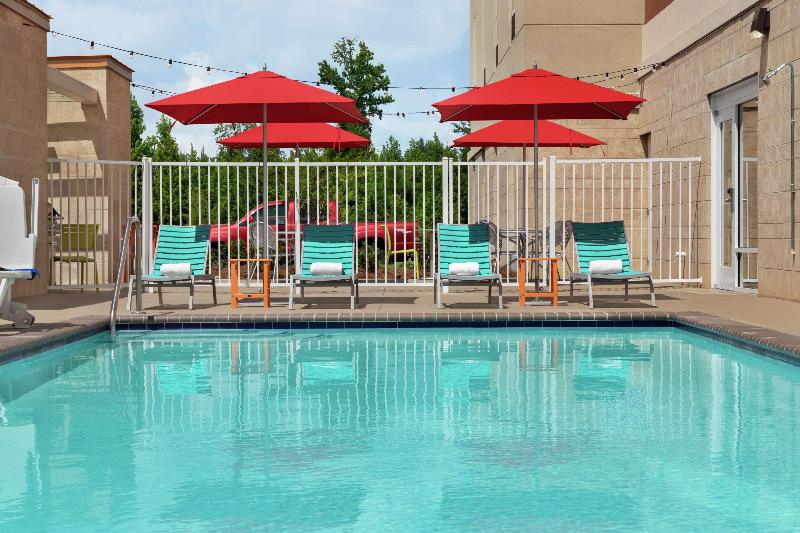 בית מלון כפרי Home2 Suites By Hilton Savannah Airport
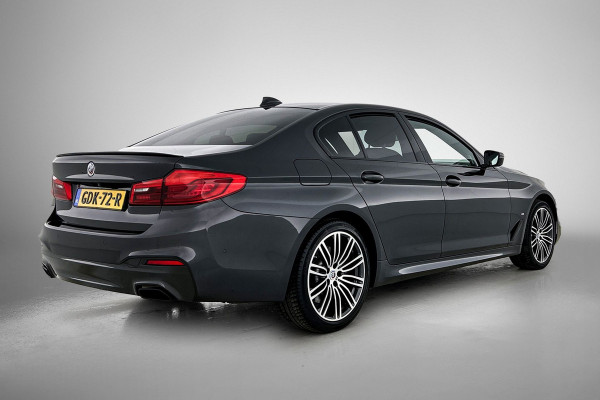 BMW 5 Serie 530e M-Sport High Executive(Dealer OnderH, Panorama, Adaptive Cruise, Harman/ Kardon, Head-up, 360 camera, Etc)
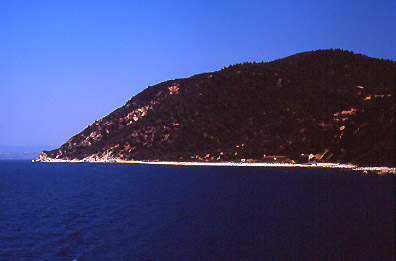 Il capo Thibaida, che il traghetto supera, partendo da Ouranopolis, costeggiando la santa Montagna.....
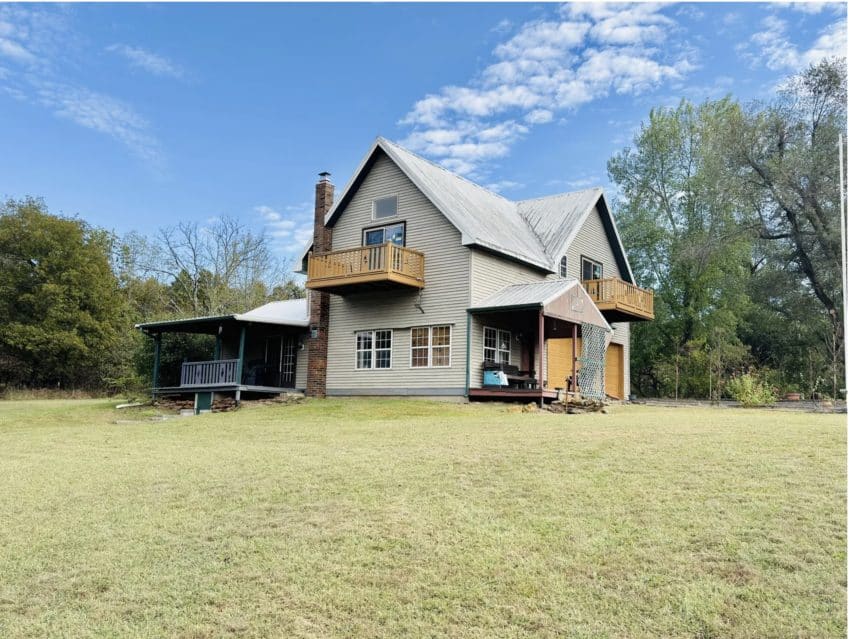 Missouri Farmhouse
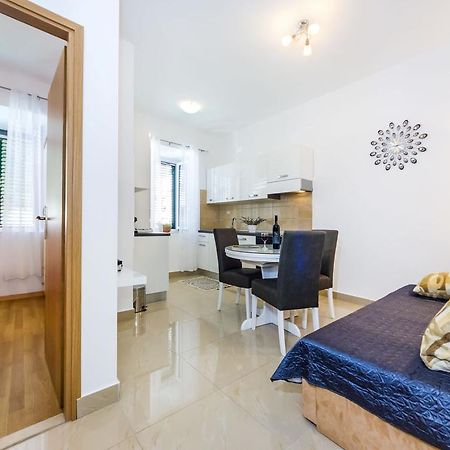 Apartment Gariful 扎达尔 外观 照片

::::

# EXERCISE PROMPT
All of the material above is to be retyped verbatim, with its pictures omitted.

# ANSWER SPACE
 בית מלון כפרי Home2 Suites By Hilton Savannah Airport
 BMW 5 Serie 530e M-Sport High Executive(Dealer OnderH, Panorama, Adaptive Cruise, Harman/ Kardon, Head-up, 360 camera, Etc)
 Il capo Thibaida, che il traghetto supera, partendo da Ouranopolis, costeggiando la santa Montagna.....
 Missouri Farmhouse
 Apartment Gariful 扎达尔 外观 照片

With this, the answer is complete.